- _EXERCISE DETAILS_
Write out only the opening lines of the entries, through the line with "Rosto feminino com".

(Recorded data)
• • •

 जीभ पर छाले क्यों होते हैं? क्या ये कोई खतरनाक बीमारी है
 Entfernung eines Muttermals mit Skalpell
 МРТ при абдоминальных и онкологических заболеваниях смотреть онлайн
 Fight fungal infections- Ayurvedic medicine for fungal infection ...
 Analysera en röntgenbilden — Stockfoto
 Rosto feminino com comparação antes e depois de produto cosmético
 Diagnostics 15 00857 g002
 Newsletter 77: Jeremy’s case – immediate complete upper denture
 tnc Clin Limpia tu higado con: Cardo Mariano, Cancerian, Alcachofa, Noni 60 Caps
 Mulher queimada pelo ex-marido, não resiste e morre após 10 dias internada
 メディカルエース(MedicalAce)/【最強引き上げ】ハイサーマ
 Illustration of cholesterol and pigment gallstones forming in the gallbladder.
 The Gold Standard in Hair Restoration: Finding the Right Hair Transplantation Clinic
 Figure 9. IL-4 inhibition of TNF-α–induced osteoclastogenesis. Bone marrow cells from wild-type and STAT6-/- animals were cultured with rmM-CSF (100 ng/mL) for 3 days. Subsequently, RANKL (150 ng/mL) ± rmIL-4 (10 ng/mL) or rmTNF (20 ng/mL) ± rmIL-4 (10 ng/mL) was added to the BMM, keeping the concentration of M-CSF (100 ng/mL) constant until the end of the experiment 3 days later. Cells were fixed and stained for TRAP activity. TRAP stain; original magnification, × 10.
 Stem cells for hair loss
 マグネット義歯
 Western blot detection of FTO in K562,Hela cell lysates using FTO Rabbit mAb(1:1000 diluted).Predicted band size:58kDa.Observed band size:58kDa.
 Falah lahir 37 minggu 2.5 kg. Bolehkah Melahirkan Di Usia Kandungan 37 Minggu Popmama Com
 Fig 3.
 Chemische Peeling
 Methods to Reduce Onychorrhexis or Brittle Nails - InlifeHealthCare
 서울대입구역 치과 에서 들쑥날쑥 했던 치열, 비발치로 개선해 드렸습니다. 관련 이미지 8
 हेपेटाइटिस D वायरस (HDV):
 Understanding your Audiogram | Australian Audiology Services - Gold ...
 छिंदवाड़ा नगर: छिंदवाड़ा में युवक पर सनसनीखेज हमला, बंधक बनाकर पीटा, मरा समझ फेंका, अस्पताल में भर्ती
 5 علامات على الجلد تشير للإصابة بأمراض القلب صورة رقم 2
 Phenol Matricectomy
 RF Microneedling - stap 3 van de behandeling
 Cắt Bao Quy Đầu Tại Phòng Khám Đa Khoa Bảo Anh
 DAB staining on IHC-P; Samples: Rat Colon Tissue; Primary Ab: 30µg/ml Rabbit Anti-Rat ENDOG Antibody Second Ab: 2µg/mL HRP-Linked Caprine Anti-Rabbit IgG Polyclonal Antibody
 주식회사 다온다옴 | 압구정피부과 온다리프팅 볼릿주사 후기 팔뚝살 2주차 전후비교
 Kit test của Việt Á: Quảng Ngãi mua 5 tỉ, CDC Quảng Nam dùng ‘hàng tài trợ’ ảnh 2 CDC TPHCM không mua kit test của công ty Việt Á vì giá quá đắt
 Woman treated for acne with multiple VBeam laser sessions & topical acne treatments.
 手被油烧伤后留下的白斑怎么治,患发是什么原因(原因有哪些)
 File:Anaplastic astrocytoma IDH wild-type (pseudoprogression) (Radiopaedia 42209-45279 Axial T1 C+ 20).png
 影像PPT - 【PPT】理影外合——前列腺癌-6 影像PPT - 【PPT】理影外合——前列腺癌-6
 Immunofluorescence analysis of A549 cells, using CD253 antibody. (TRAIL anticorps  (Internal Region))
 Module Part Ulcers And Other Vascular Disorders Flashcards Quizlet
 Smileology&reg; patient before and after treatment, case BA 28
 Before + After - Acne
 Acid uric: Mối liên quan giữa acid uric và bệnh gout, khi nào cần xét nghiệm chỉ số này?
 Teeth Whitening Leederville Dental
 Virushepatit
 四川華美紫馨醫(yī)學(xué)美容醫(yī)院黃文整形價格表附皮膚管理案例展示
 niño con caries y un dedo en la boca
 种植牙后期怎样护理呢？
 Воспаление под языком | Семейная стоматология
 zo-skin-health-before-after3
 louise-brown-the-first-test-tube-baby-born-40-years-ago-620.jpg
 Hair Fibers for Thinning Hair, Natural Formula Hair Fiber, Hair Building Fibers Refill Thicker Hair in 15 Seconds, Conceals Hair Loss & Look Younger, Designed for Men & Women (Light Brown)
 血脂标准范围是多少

• • •

- _SOLVED PROBLEM_
 जीभ पर छाले क्यों होते हैं? क्या ये कोई खतरनाक बीमारी है
 Entfernung eines Muttermals mit Skalpell
 МРТ при абдоминальных и онкологических заболеваниях смотреть онлайн
 Fight fungal infections- Ayurvedic medicine for fungal infection ...
 Analysera en röntgenbilden — Stockfoto
 Rosto feminino com comparação antes e depois de produto cosmético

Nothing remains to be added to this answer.